Local companies are the most vulnerable
If it will be implemented in the form announced by the Minister of Agriculture, this measure intended to protect the population could have a boomerang effect for the Romanian capital. The application of such a regulation risks removing precisely Romanian entrepreneurs from the market, who do not have the economic power to allow them to face the negative effects.
“Large retail chains (hypermarkets, discounters) have huge volumes and can negotiate much lower purchase prices from suppliers. They can survive with a small commercial markup (eg 10-15%) due to fast turnover. In contrast, small Romanian stores (traditional trade) have much higher operating costs per product. Capping the addition at a low level would push them straight into bankruptcy, unable to cover their utility and staff costs“, states Negrescu.
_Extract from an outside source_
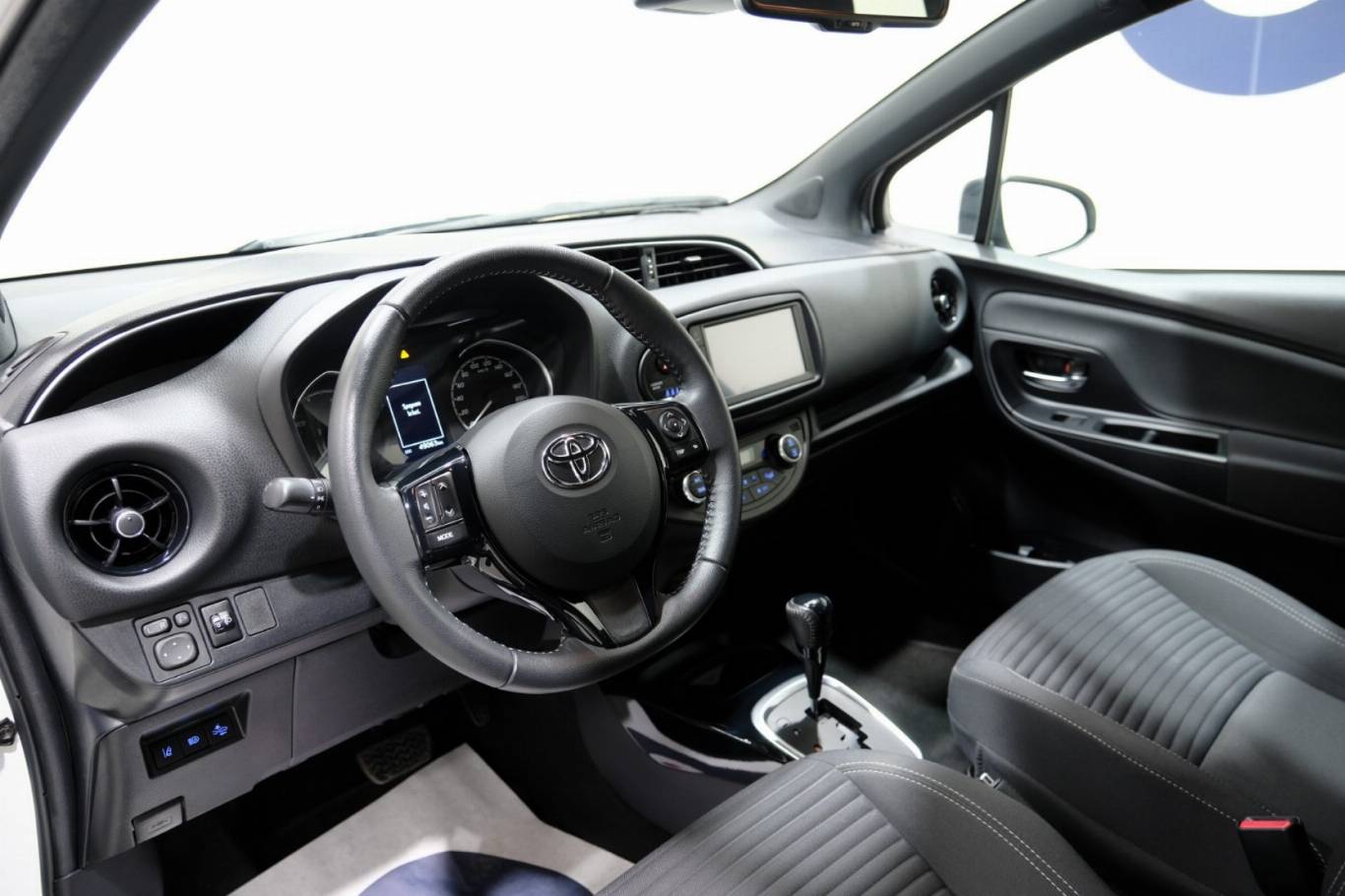 TOYOTA Yaris 5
According to analysts, in the face of capping the addition, it is not excluded that large retailers will put enormous pressure on suppliers (often Romanian food producers) to lower the delivery price in order to fit into the desired final price. Romanian producers, already decapitalized, risk selling below cost or being delisted in favor of cheaper imported products.
“The automatic introduction of capping the commercial addition at 5% inflation risks turning Romania's economy into a partially planned market, with major risks of blockingj,” Frames' analysis shows.
Although it can provide a breath of electoral and social oxygen in the very short term (a few months), in the medium term the measure erodes the competitiveness of small Romanian companies, reduces the supply of goods and, historically speaking, leads to an even greater explosion of prices at the inevitable moment of market liberalization.
“The viable solution is to leave the market free, for retailers to compete with each other, for there to be real competition in the market, and if there are deals, we have the Competition Council which can sanction. In addition, let's not forget one essential thing – prices are like a rubber band. If you pull too much on it, it breaks, in other words if you price too much, you are left with unsold goods. And manufacturers and retailers know this, proof that they have engaged in a hellish race of promotions and discounts, in attempt to retain their clienteleto make sales in volume”Negrescu also declared.